[DATA FOR ANALYSIS Boundary: Start]

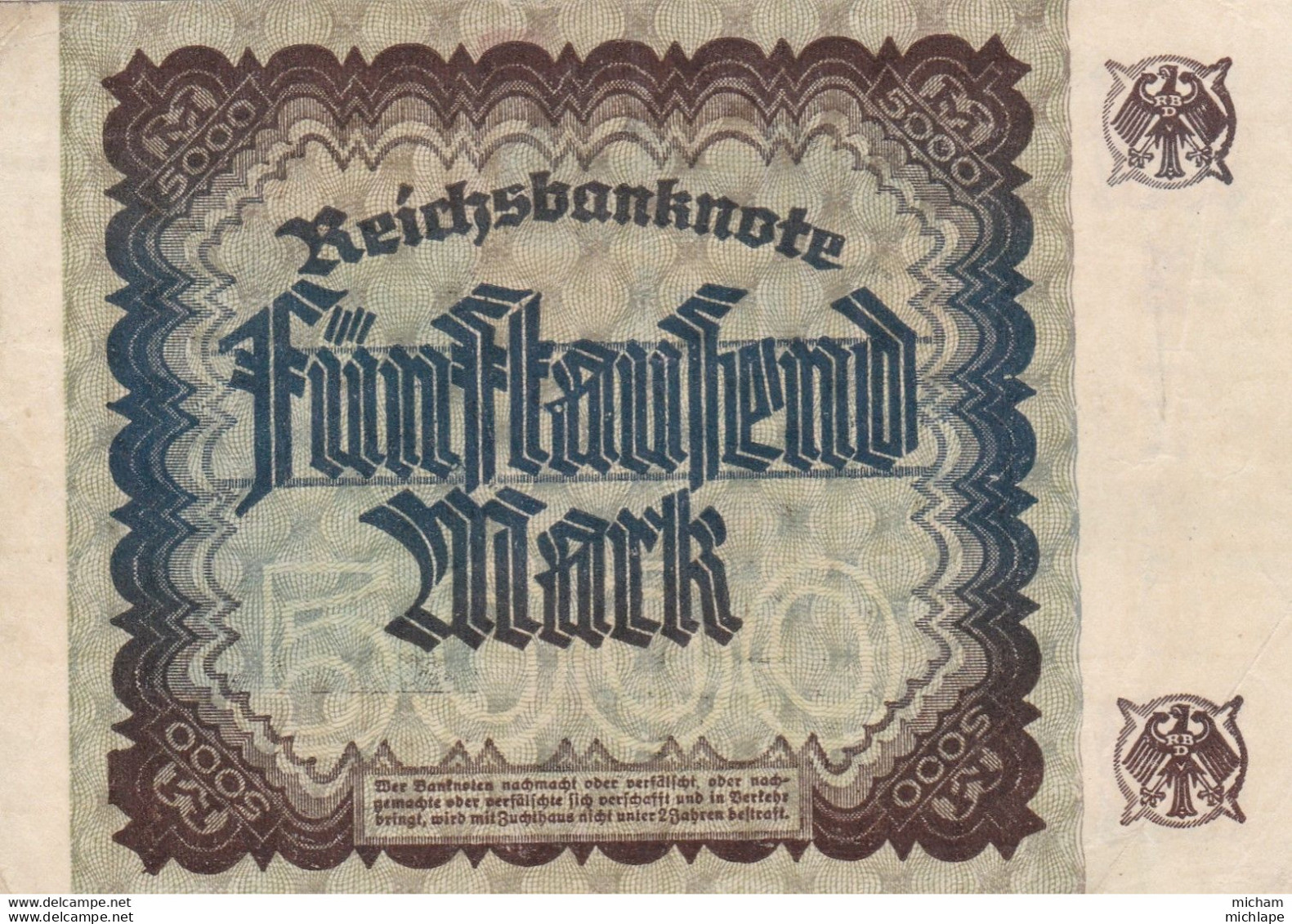 5000 Mark - Allemagne  -   Reichsbanknote - Decembre  1922   - R 677741 B K - Non Classificati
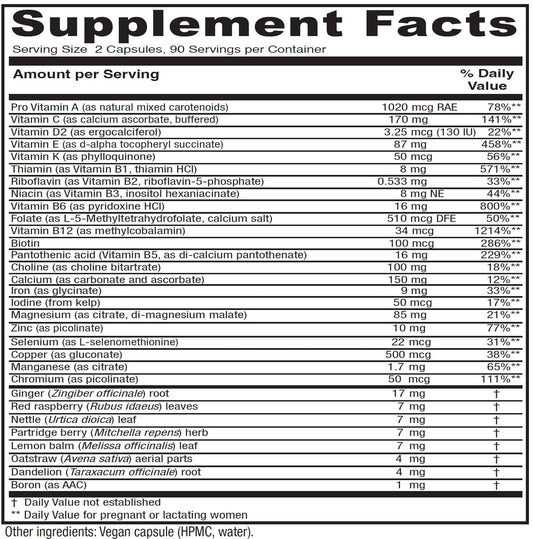 Vitanica Maternal Symmetry bottle side view with label for ingredient transparency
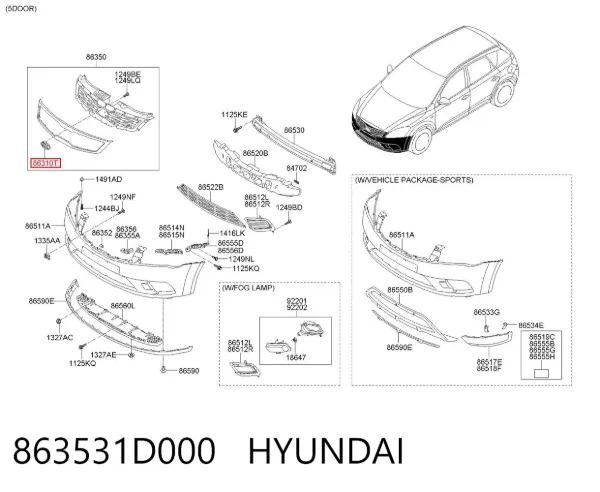 Emblema de grelha do radiador 863531D000 Hyundai/Kia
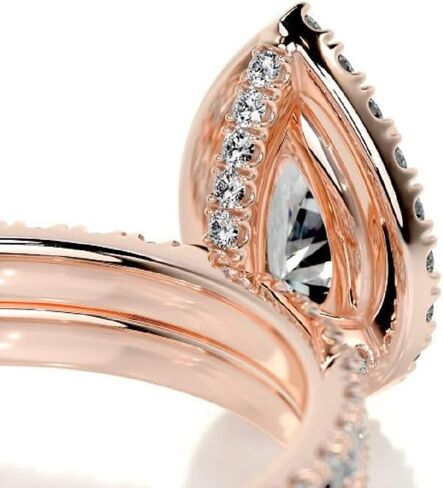 4 CT Pear Cut Halo Wedding Ring Set Handmade Engagement Ring for Women Anniversary Promise Gifts for Her Moissanite in Kuwait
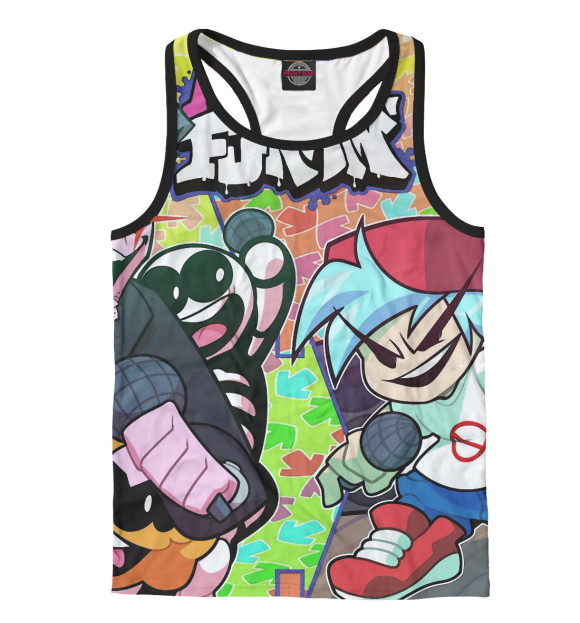 Мужская майка-борцовка с изображением Friday Night Funkin цвета Белый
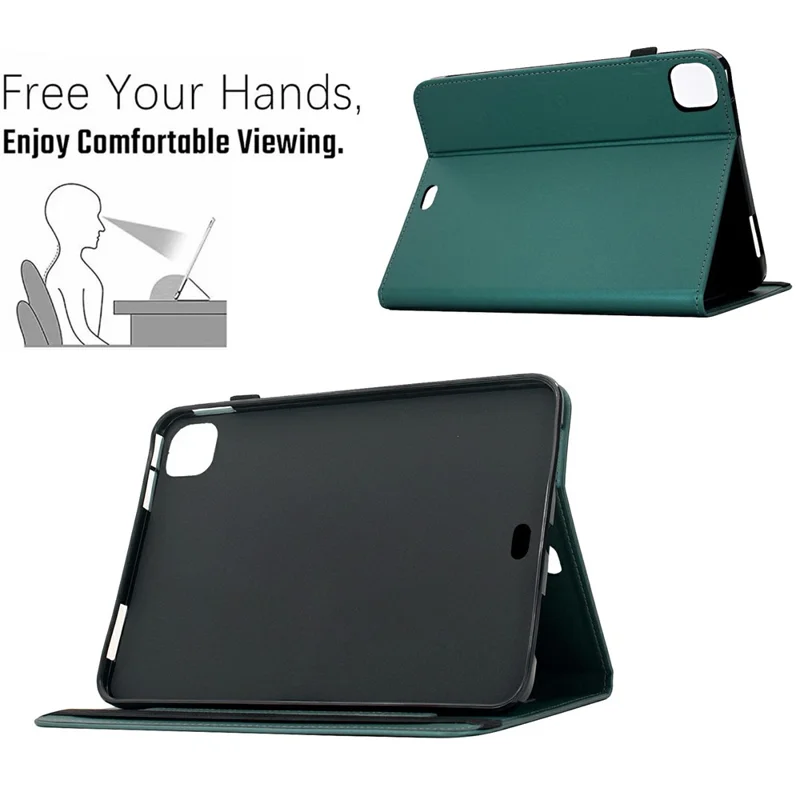 For Honor Pad X9 Pro / Pad X9a Case Solid Color PU Leather Card Holder Stand Tablet Cover - Green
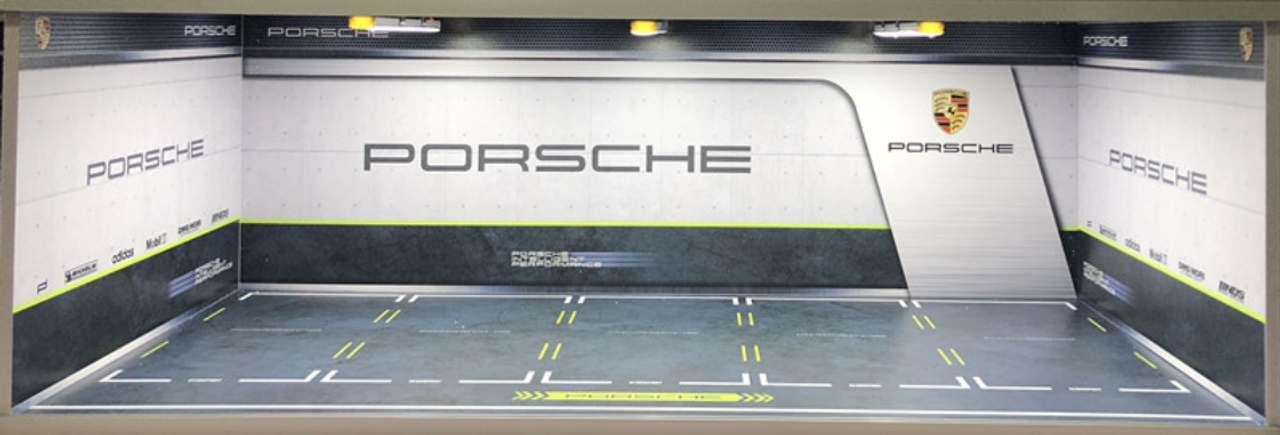 1/18 Porsche Theme 5 Car Garage Parking Scene w/ Lights (car model not included) White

[DATA FOR ANALYSIS Boundary: End]

ACTIVITY >> Only the lines from the one containing "For Honor Pad" through the last line of the data belong in the copy, both included and reproduced exactly. Pictures do not.

TASK RESULT >>
 For Honor Pad X9 Pro / Pad X9a Case Solid Color PU Leather Card Holder Stand Tablet Cover - Green
 1/18 Porsche Theme 5 Car Garage Parking Scene w/ Lights (car model not included) White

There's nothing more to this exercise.